I never really thought that state authorities had the ability to tell a person older16 that they HAD to go to school or effectively be under house arrest. Isn’t there some age of academic emancipation prior to 18?
The article doesn’t say which students will be made to wear the anklets.
I don’t know what Texas law is on mandatory attendance. In Tennessee, I think it may be required until the age of 17.
I don’t think they would have enough monitoring systems to go around where I used to teach. You can’t teach them unless they are there, yet these truants still count when considering a school’s success on the No Child Left Behind program.
Not in California. It’s 18.
So a 16 year old can’t say “school is not for me” and just begin working. Interesting.
What’s the problem here?
When you treat students like prisoners, they are going to act like prisoners. How many kids don’t go to school precisely because school has become a place where they are stripped of their basic human dignity? How can you expect people to act like responsible adults when you treat them with no respect?
Truants are truant for a reason. Something in school is not serving them well. Our resources would be better spent trying to figure out where things are going wrong than holding them as prisoners. A student that hates being at school THAT much is not going to get much out of it and is going to take away resources from students who truely want to learn.
Kids shouldn’t be slaves to the educational system.
They are not slaves. They have a right to due process and there are means for minors to leave school and carry on with life.
They just can’t simply throw their hands up in their one day, and say school’s not for them, and start workin’ somewhere.
Just sayin’.
You also can’t attend school half the time. Even if you are 18, if you are cutting class all the time, you can get hauled to truancy court. You have the option to withdraw from school, but if you chose to stay on the roll, you gotta accept the rules of the game.
It’s really not that simple. Most of the things that keep kids from attending school are not things the school is really set up to deal with: drug addiction is a huge cause, significant family obligations (i.e., working to help support their family, or providing child care for the people that are working) are another. Other kids skip school because they see no utility in a diploma: they are illegal anyway, don’t think they can ever be legal, so what’s the point? (This is not entirely without merit. I have a former student about to start her master’s in engineering because she came here at 8 illegally and can’t get a job). Other kids have such huge complicated things going on in their lives–death, illness, depression–that they are trying as hard as they can just to stay functional, and school seems like so much ballast that can be thrown off. Other kids simply see no virtue in school and there’s no one to tell them to go, and so when the benefit of school seems nil and the alternative is sleeping in, smoking out, and jacking off all day . . . we can’t compete with that. All our resources and all our efforts cannot fix these things. The best we can do is help alleviate some of them.

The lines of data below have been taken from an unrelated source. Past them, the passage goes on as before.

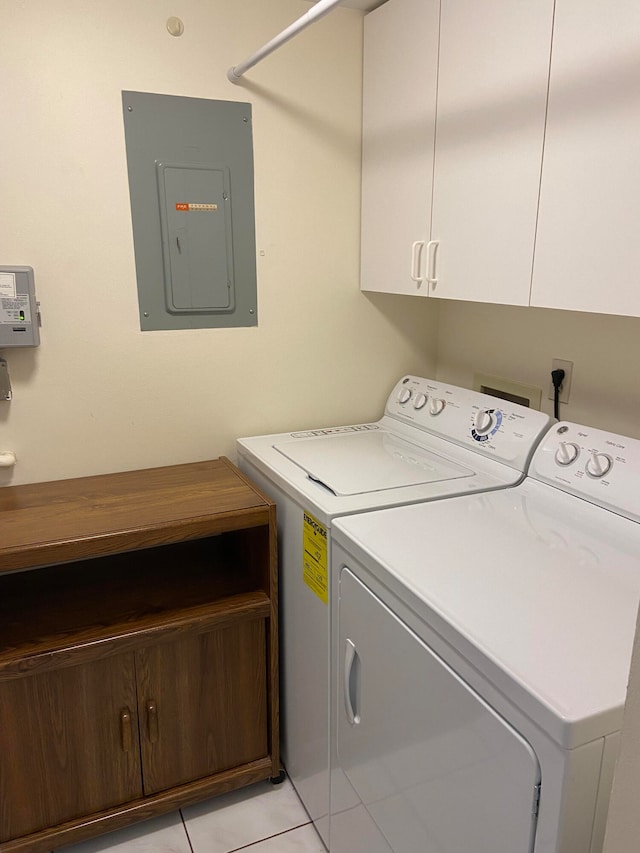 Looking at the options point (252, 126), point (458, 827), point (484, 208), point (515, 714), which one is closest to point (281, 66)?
point (252, 126)

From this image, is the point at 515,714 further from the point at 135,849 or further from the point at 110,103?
the point at 110,103

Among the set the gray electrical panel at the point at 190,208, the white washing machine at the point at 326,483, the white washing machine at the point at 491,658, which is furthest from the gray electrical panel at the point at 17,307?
the white washing machine at the point at 491,658

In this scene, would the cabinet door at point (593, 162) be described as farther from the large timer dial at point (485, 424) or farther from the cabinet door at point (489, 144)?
the large timer dial at point (485, 424)

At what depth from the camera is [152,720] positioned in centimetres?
170

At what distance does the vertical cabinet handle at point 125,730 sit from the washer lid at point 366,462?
2.56ft

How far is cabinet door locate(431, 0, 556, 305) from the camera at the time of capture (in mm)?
1363

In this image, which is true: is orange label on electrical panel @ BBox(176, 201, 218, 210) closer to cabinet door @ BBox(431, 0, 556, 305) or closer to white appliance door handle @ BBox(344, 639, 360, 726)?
cabinet door @ BBox(431, 0, 556, 305)

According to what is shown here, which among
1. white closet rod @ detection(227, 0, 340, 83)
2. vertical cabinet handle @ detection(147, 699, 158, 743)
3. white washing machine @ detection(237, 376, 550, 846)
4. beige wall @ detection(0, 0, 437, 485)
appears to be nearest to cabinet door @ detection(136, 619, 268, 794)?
vertical cabinet handle @ detection(147, 699, 158, 743)

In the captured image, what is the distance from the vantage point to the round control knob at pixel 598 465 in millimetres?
1450

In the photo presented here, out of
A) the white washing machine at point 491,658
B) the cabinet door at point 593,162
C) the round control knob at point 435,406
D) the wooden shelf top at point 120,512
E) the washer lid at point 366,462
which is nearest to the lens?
the white washing machine at point 491,658

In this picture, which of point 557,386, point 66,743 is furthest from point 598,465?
point 66,743

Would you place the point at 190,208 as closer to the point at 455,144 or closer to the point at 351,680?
the point at 455,144

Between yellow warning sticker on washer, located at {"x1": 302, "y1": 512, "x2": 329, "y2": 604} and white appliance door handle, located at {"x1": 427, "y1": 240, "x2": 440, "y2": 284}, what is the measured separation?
2.39 feet

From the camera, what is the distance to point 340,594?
1448 millimetres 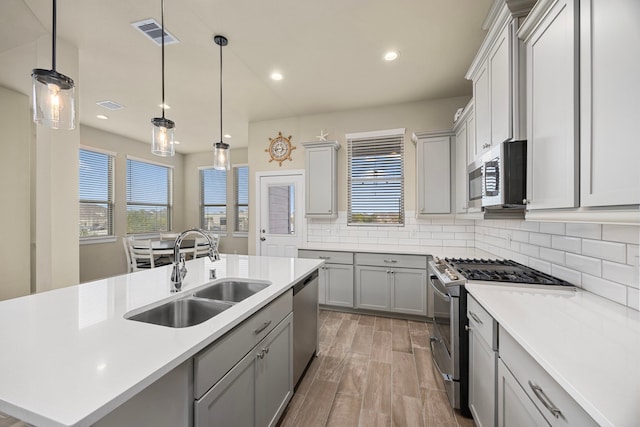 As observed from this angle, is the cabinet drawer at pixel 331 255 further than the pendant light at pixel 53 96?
Yes

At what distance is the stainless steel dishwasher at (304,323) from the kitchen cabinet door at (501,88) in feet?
5.63

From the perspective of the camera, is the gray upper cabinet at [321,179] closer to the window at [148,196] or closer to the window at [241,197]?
the window at [241,197]

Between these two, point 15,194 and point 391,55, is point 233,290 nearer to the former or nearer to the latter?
point 391,55

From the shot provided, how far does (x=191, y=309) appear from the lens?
150 centimetres

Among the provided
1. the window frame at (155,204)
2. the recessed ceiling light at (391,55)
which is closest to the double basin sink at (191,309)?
the recessed ceiling light at (391,55)

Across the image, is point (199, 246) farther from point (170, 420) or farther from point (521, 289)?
point (521, 289)

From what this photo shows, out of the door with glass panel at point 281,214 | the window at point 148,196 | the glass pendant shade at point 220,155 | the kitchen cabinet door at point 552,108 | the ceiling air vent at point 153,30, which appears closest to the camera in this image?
the kitchen cabinet door at point 552,108

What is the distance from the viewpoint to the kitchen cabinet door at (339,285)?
3529mm

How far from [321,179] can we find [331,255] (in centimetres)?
117

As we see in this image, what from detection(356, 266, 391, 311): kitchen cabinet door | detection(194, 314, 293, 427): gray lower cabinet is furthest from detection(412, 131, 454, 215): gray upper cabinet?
detection(194, 314, 293, 427): gray lower cabinet

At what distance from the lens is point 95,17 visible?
223cm

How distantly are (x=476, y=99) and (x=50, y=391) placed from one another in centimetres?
292

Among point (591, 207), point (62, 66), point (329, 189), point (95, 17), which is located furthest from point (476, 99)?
point (62, 66)

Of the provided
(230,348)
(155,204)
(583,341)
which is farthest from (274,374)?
(155,204) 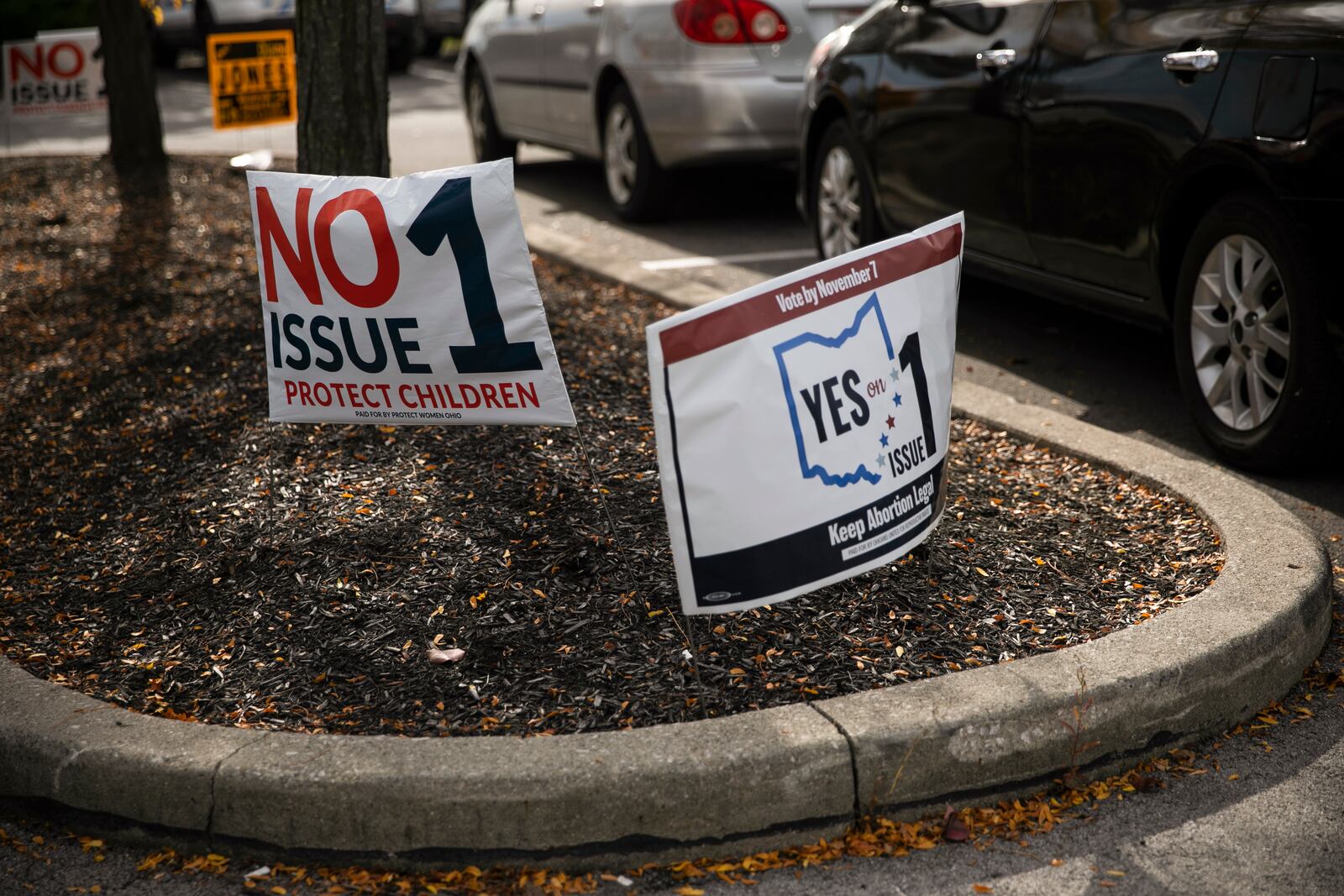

On the other hand, you can’t just make it not the school’s problem to worry about truancy. I teach teenagers. I love teenagers. I have dedicated my life to the idea that kids are capable of great things. But kids are not adults. They don’t evaluate cost/benefit or opportunity cost like adults. They often make bad choices–even the best and the brightest of them. At 17 they need more rope than at 12, but they aren’t ready to be cut free of artificial consequences. It’d be like handing a 12 year old a bag of heroin, calmly and quietly explaining the perils of addiction, and then when they started shooting up, waving your hands in the air and saying “what could I do? I explained! I can’t make them chose to do the right thing!” In fact, it’s worse than that, because if you remove the responsibility for fighting truancy from the schools–if you let the school off the hook for the dismal test performance of those kids that miss 60% of the days they are supposed to be there–then the school’s got a hell of an incentive to drive off kids that are low performing, to make the kids that are half-interested and very possibly going to under perform into kids that are not interested at all and who wander off before test day. So you can’t just let schools off the hook, but you’ve gotta have some pity when they fail.
It’s a mess.
In PA one can drop out at 16 with parental consent (15 if employed, 14 if Amish). Students over 16 who miss to many days of school are simply dropped from the rolls (or at least that’s how my district handled it).